サラが歩みを止めたのは切り立った山肌の前だった。地上に降りたステファンがそんな断崖絶壁に積もった雪を手で掘ると、すぐに洞穴の入り口が姿を見せる。私もサラから降りようとしたが、足に力が入らず手間取ってしまう。情けない姿を晒しているとステファンが肩を貸してくれた。
「もう少し物資を貯めておけば良かったな」
洞穴の中は幾分暖かかった。ステファンは私を入り口近くに座らせて洞穴の奥に消えていく。水の滴り落ちる音が反響している。それに耳を傾けていると両手いっぱいに荷物を抱えたステファンが戻ってきた。真っ先にふかふかの毛布が手渡され、ステファンは休む間もなく火おこしを始める。
「煙に気付かれる」
「大丈夫。

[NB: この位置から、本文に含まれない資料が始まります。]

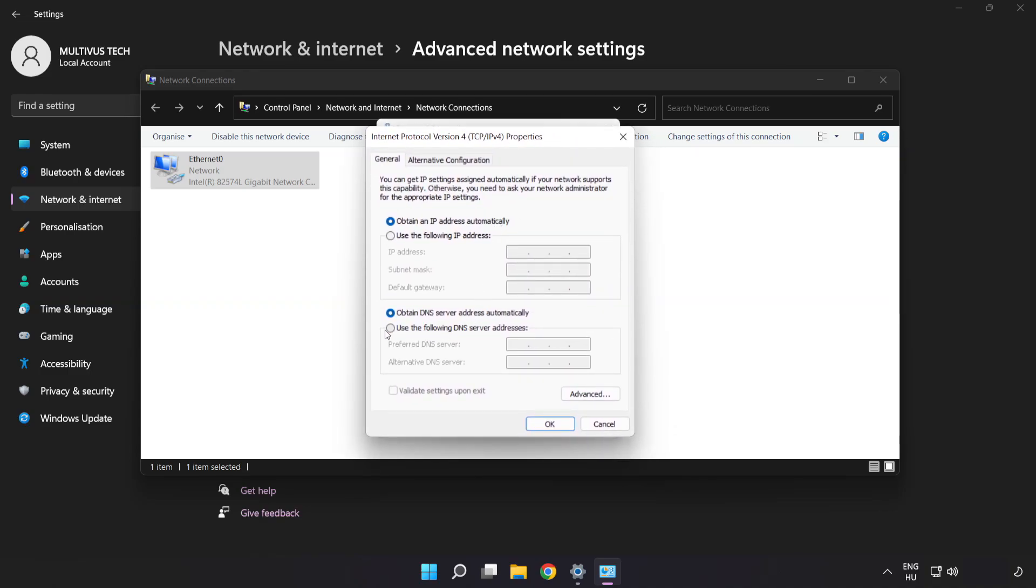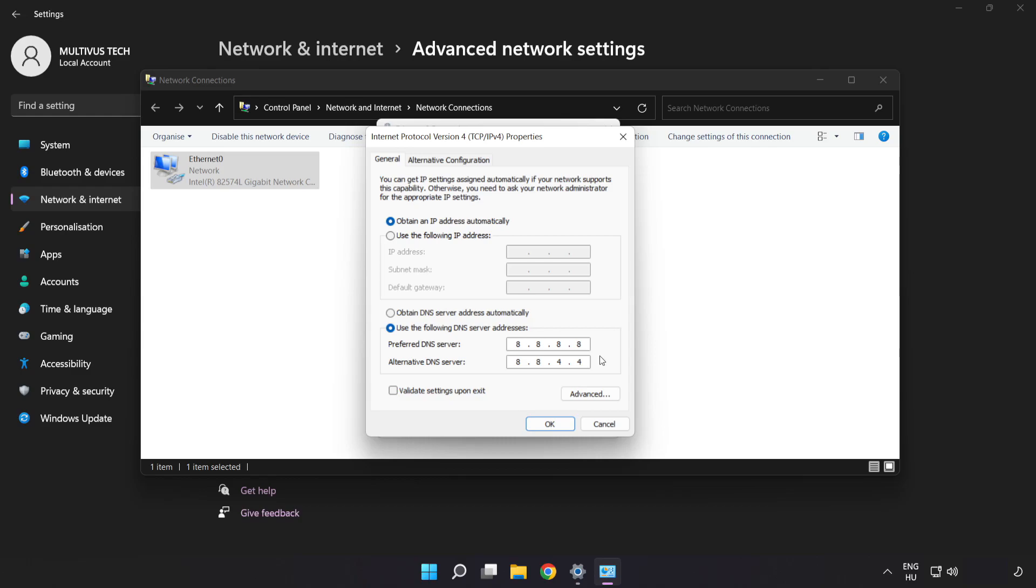Click Use the Following DNS Server Addresses. Type 8.8.8.8. Type 8.8.4.4. Click OK.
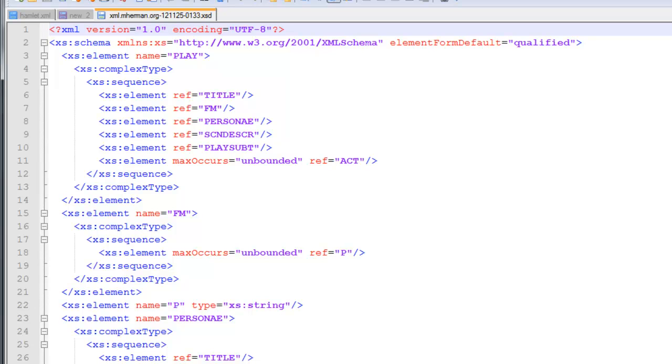Just note that this utility is not perfect. So be sure to double check the generated schema to ensure it properly describes the XML file. Alright, that's all there is to it. Thanks for watching.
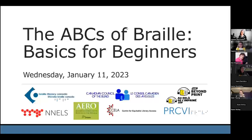All right. Hello everyone, and welcome to the ABCs of Braille Basics for Beginners.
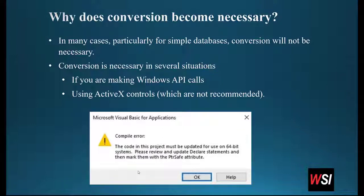When does conversion become necessary? In many cases it will not be necessary. You can take a database written in 32-bit Office and run it fine in 64-bit Office and vice versa. In most cases the situation will be seamless. But you might get an error message — which we've shown at the bottom of the slide — and that relates to the Windows API calls we were talking about. If you're making Windows API calls or using ActiveX controls in 32-bit, the ActiveX controls could be specific to 32 or 64-bit, so you may run into problems. Those are the two situations where you're most likely to need to convert a 32-bit database before it will run in 64-bit Office.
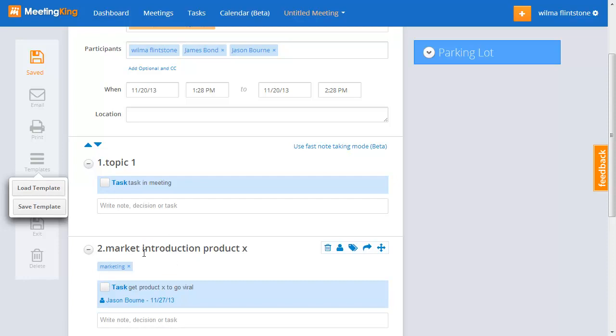Okay. So, long story short, if you have a complex business to run, MeetingKing makes it very easy to stay in control.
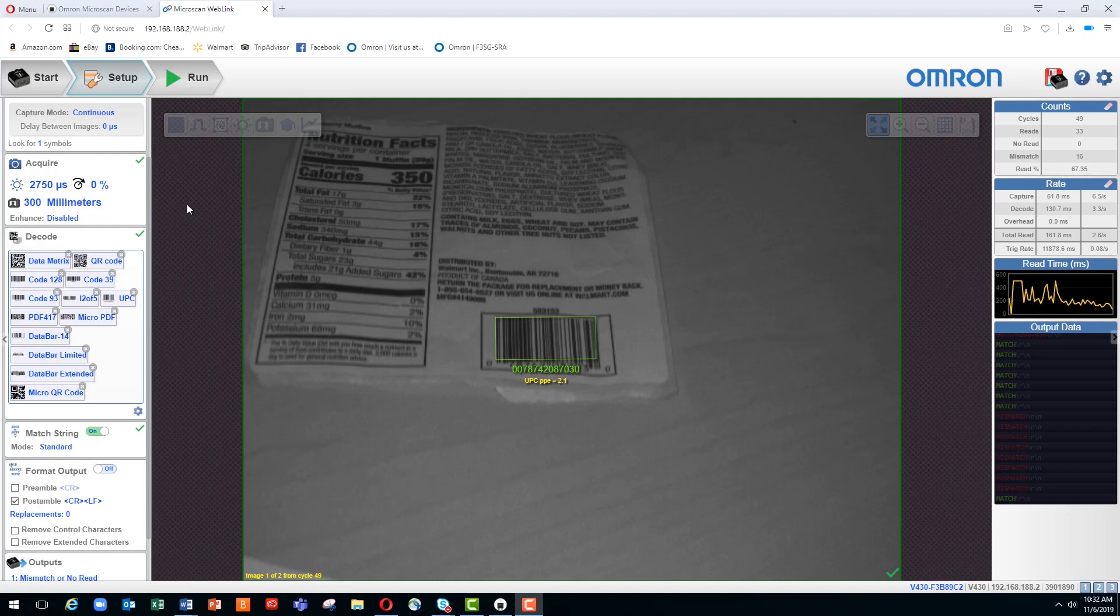Weblink is the browser-based configuration and viewing utility that lets you easily set up and monitor your MicroHawk Barcode reader. The topic of today's video is Weblink's match string functionality in the standard mode.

この洞穴は奥に別の入り口があって煙はそこから出ていく。それにヘレンさんの体力回復が最優先だから」
ものの一分ほどで小さな火がついて、それはあっという間に乾いた枝に燃え広がっていく。辺りが明るくなるとステファンの顔もよく見えた。頬や目元に血糊がこびりついているものの気にする様子はない。作ってくれたのは塩味のスープとサンドイッチだった。
「こんなに要らない」
「食べて。雪山を甘く見ちゃいけない」
食事を押し付けてくるステファンの表情は血痕も相まって少し怖い。ただ、こんな旅に巻き込んだのだから無理もなかった。素直に受け取ったサンドイッチは食べ始めると止まらない。ステファンは固いパンだけをしゃぶりながら荷物の整理を始めた。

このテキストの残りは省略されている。